To: thecow who wrote (33599)4/7/2003 11:10:20 AM
From: Martin E. Frankel  Read Replies (2) | Respond to of 110581
 
Hi TC, Mark and all,

Have a wierd problem on my Compaq Evo notebook N800W (workstation notebook) that developed when I plugged into a broadband connection at a Hilton Hotel. Running XP Pro with 2.2 Pentium 4 mobile cpu and 1 gig of ram. Norton antivirus is updated daily and runs in the background plus I do a full scan every night.

Since hooking into that broadband connection, whenever I use IE6 (came with XP Pro)... even with a dialup connection, the user name and password "blocks" have words actively running across them just like someone is running IM and I'm a passive watcher. It now even happens at home using a dialup connection. I tried rescanning with NAV and scanned with Panda's Online Active Scan and with TrendMicro's online scanner, but everything came out clean.

Anyone have any ideas? I never heard of or saw this problem before.

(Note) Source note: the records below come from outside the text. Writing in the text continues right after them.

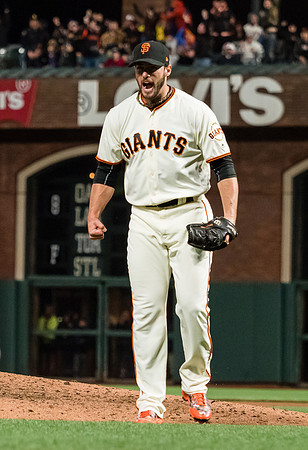 MLB: Los Angeles Dodgers at San Francisco Giants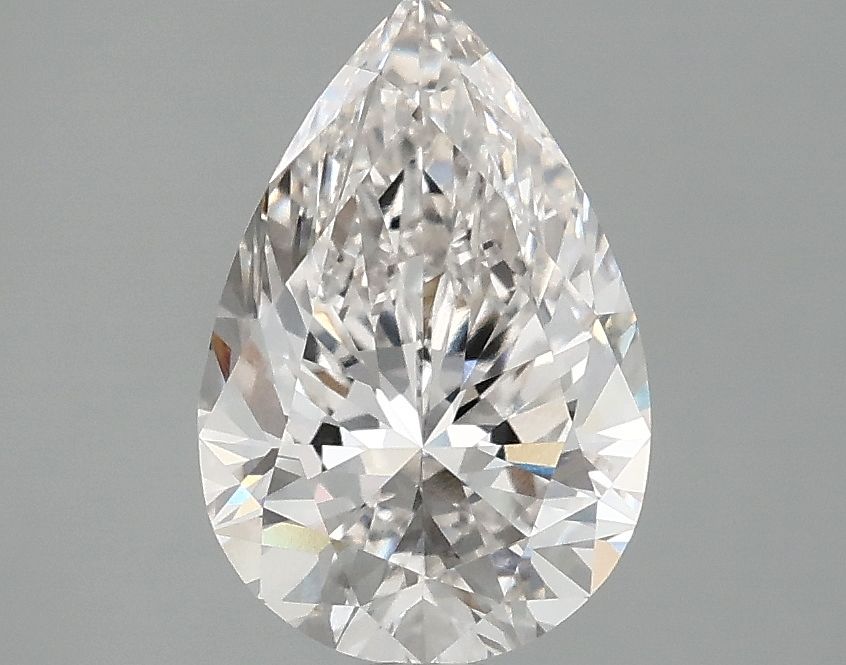 1.97 ct. pear Lab Grown Diamond front image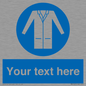 MV5127: Custom Lab Coat Sign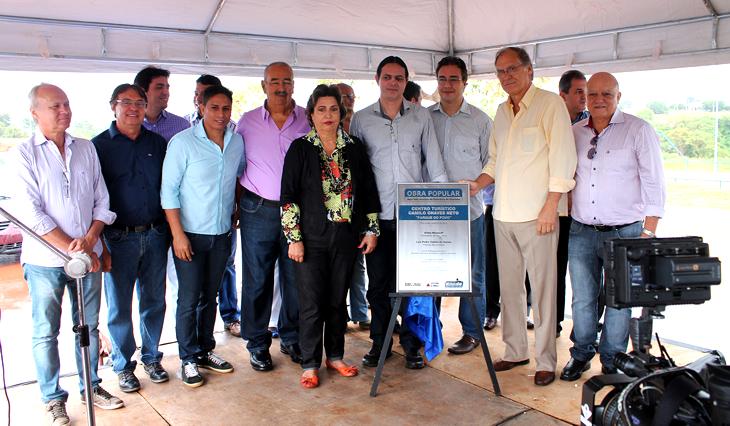 Centro Turístico Camilo Chaves Neto foi inaugurado em Ituiutaba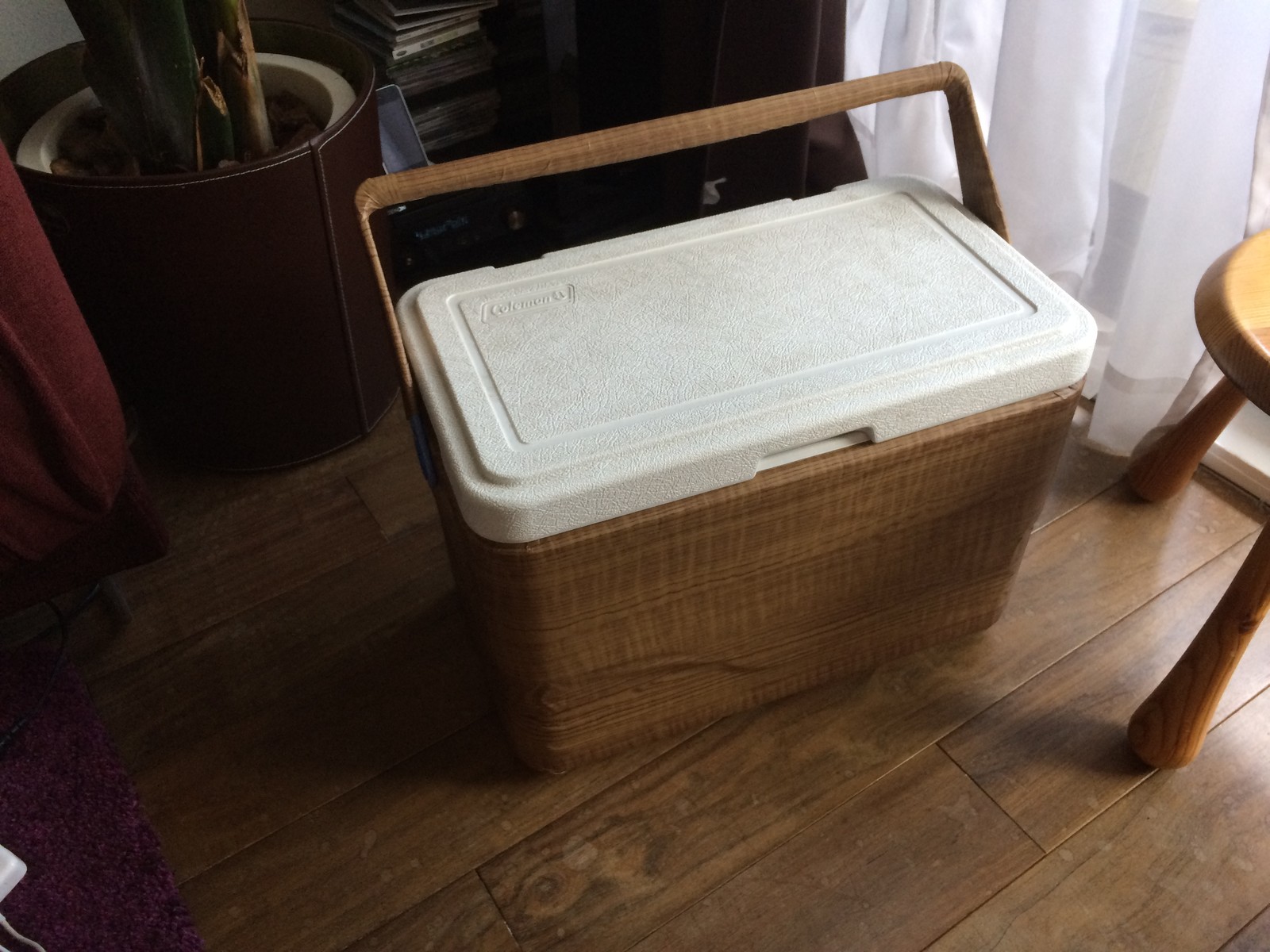 クーラーボックスモディファイ outdoor life designs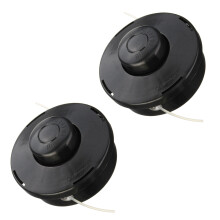 2X Replacement Petrol Trimmer Strimmer Bump Feed Spool Brush Cutter Grass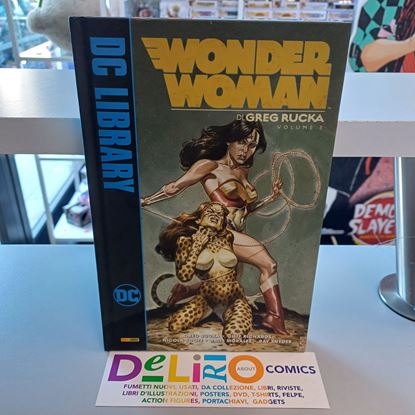 Immagine di WONDER WOMAN DI GREG RUCKA 003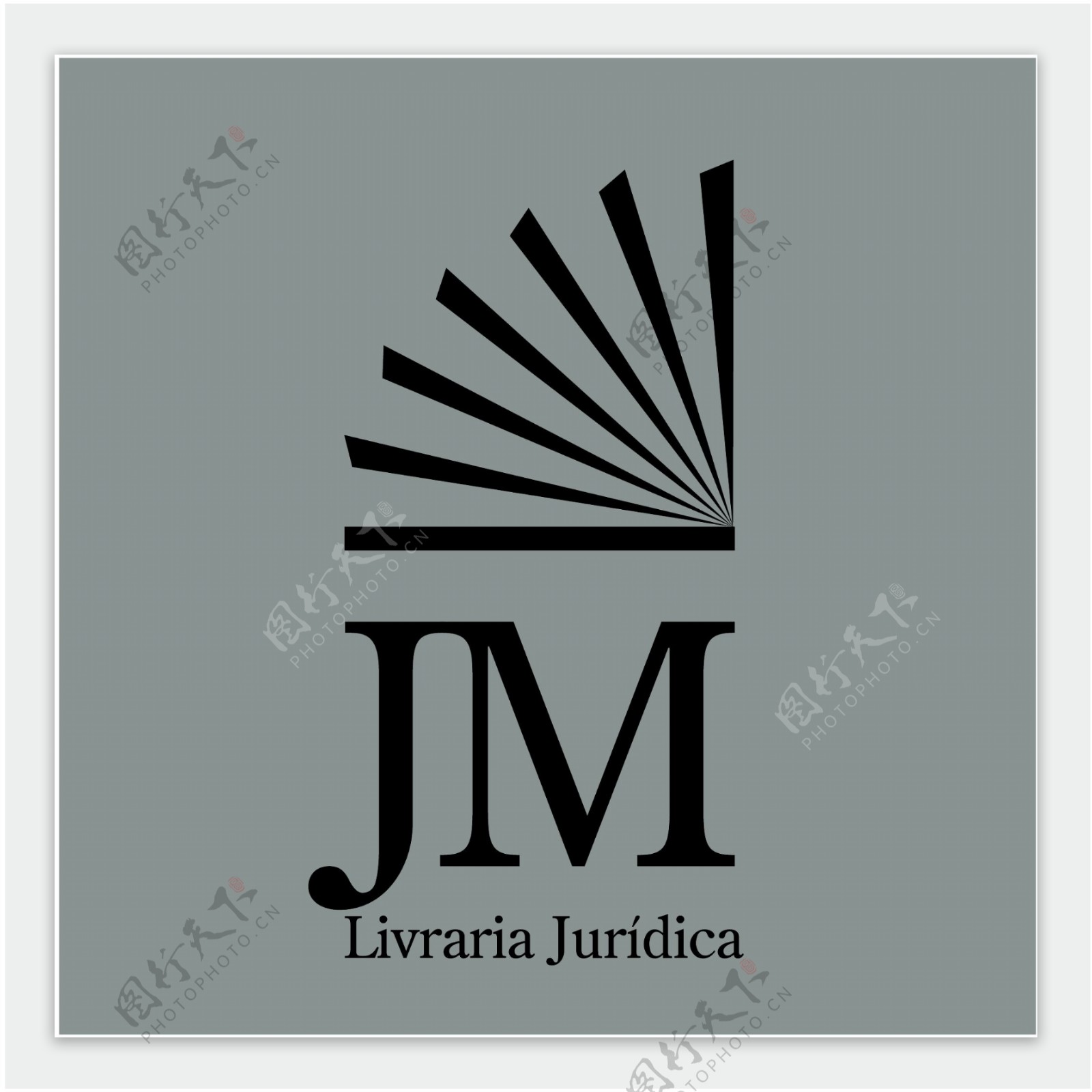 JM简约logo设计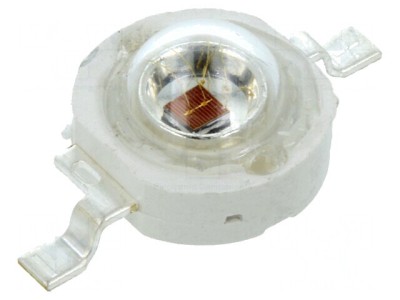 LED Roșu de Putere 1W 650-670nm Xeon Power foto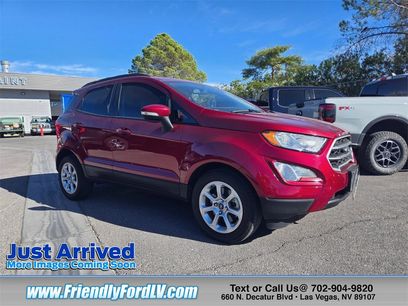 Used 2021 Ford EcoSport SE w/ SE Convenience Package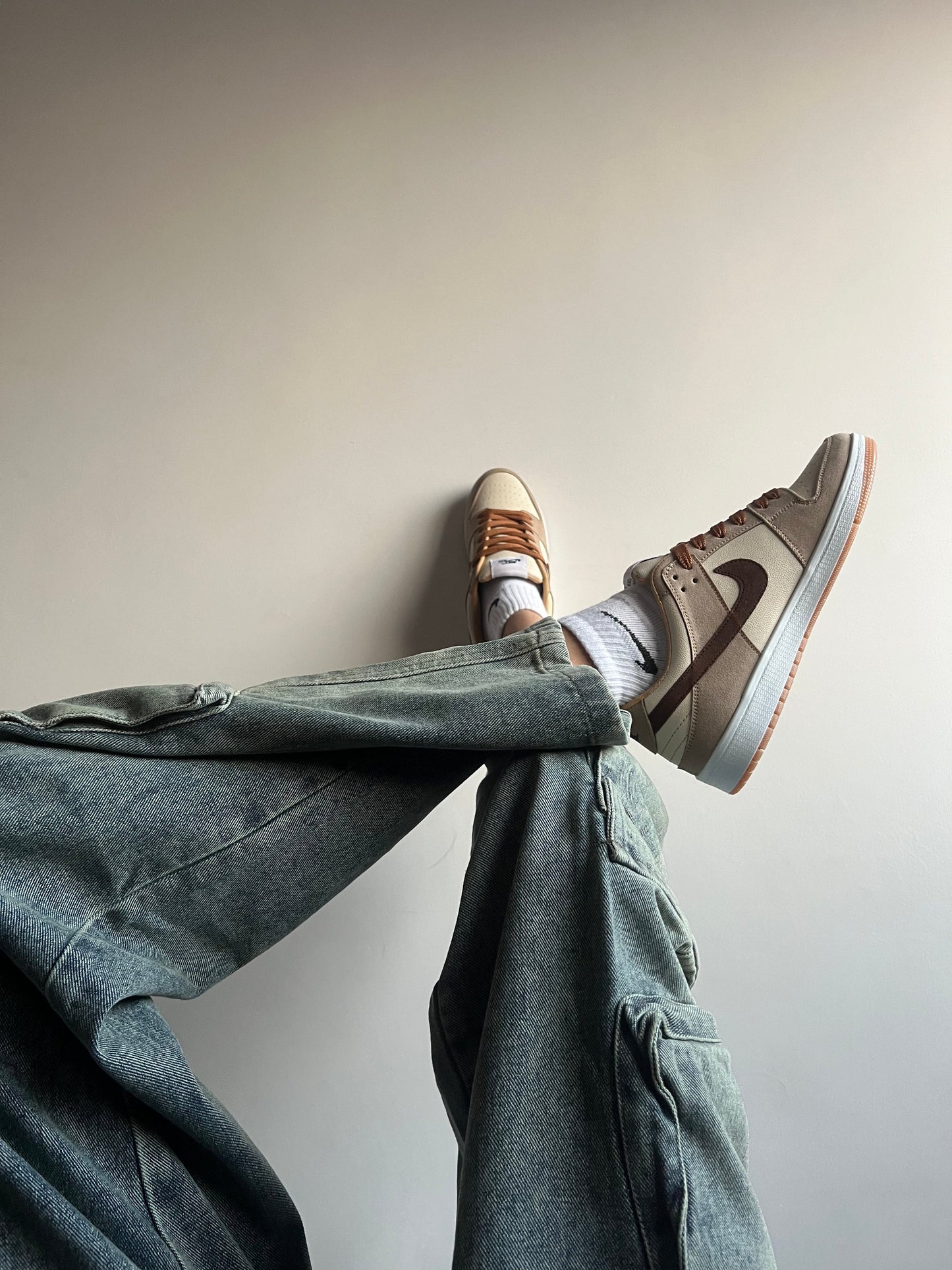 NIKE LOW DUNK AURA BIEGE - LEGENDS SPECIAL
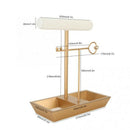 Fashion Nordic Style Jewelry Hanging Rack Desk Decor Ornament Bracelet Neck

Guess it's time to install a firewall, trojan cleaner, spyware cleaner and registry clearer, but I've been chicken to add them as I've heard pros and cons about so many of the different ones available.

TIA for any help at figuring this problem out.

Marty



To: thecow who wrote (33599)4/7/2003 11:52:29 AM
From: Bicycle  Read Replies (1) | Respond to of 110581
 
I know very little about Trusted Computing, but it doesn't sound good...

againsttcpa.com

Bye4Now, FD.



To: thecow who wrote (33599)4/7/2003 9:40:50 PM
From: mr.mark  Read Replies (2) | Respond to of 110581
 
you may be shocked to hear that i uninstalled NAV from my machines last week in order to install Kaspersky (KAV).

my thinking was that i have recently read so much about KAV's super enhanced unpacking engines for scanning inside compressed files (an increasingly popular delivery method for trojans and worms and viruses), as compared to NAV's lagging unpackers. mcafee, also, has taken tremendous strides in unpacking engine technology, to the point that it has easily overtaken NAV in that department.

so the KAV people went to great lengths to tell me to be sure to uninstall any other AV on my system before installing their product, that KAV will not get along with any other AV.

so i imaged my drives (god bless powerquest) and said bye-bye to NAV.

KAV went on, and the first thing it did was find an archived email from three years ago that was infected with I-Worm.KakWorm, which blew me away because i must have run a thousand scans with NAV since then and no detection was forthcoming.

but KAV is known as a resource hungry AV, and despite 384mb ram on my w2k partition, KAV was causing lots of hanging, freezing, erratic behaviors. bummer.

i restored my previous images, rolling back to the clean NAV installs, and thought things over a little bit.

then a fellow gave me the idea... why not keep NAV as memory resident and just install the scanner component of KAV? excellent idea! <g>

i went back and reinstalled KAV, this time *not* uninstalling NAV at all (but of course disabling it temporarily during KAV installation), making use of the custom installation feature which offers the choice of making KAV the mem resident or not (KAV calls it Monitor). i simply chose to install the scanner and upgrade components, not Monitor or any of the other Control Center stuff.

works like a charm!!

zero memory load, no conflicts with NAV, let alone the other programs on my machines, and i get the full blown protection of KAV's deep, unpacking engine technology whenever i want to run a scan.

i couldn't be happier right now, having a back up AV with the reputation of Kaspersky, and being able to keep NAV right where i like it, which for me has been as my main, go-to antivirus program.

btw, this is all 30-day full version free trial stuff with KAV... most excellent.

i also recently added BOClean anti-trojan to my security layer, which as folks may know, is totally a memory resident AT, and i relegated TrojanHunter to scan only duties, much like KAV is now doing.

suffice it to say, not a lot of nasties are finding their way onto my operating systems.

edit in: KAV issues daily virus definitions, and enjoys a very good reputation for finding trojans as well as viruses.